2015 One Book Steamboat series set to have unique insight on “Go Set a Watchman” novel | SteamboatToday.com

2015 One Book Steamboat series set to have unique insight on “Go Set a Watchman” novel

Harper Lee's "Go Set a Watchman" is this year's One Book Steamboat community read. It is the first book Lee has published in over 50 years.

— With the controversy surrounding Pulitzer Prize-winning author Harper Lee's newly published novel, "Go Set A Watchman," it's difficult to say which story is valid.

Last Wednesday, however, Steamboat Springs had the opportunity to hear a different side of the story.

Schedule of One Book Steamboat events

Oct. 7: Screening of the newly updated award-winning documentary, “Hey Boo" — Bud Werner Memorial Library, Library Hall, 6:30 p.m.

Oct. 15: An evening with Harper Lee biographer Charles Shields — Bud Werner Memorial Library, Library Hall, 6:30 p.m.

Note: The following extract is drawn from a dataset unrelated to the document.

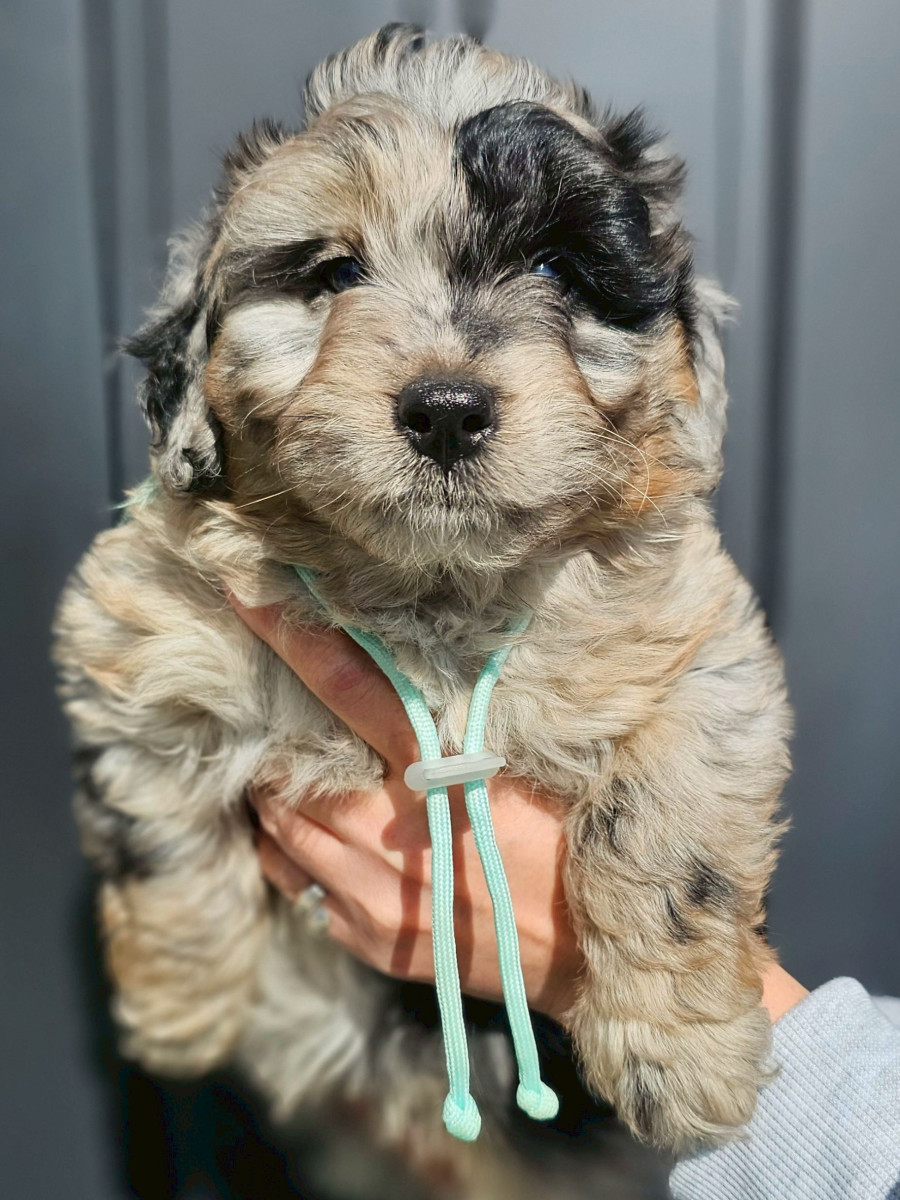 ミディアムオージードゥードル　水色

Oct. 28: One Book Discussion: Go Set a Watchman — Bud Werner Memorial Library, Conference Room, 5:30 p.m.

Steamboat Springs resident Steve Hofman was invited as part of the Bud Werner Memorial Library's One Book Steamboat community read, which the library presents each year for six weeks with readings and discussions about a selected book.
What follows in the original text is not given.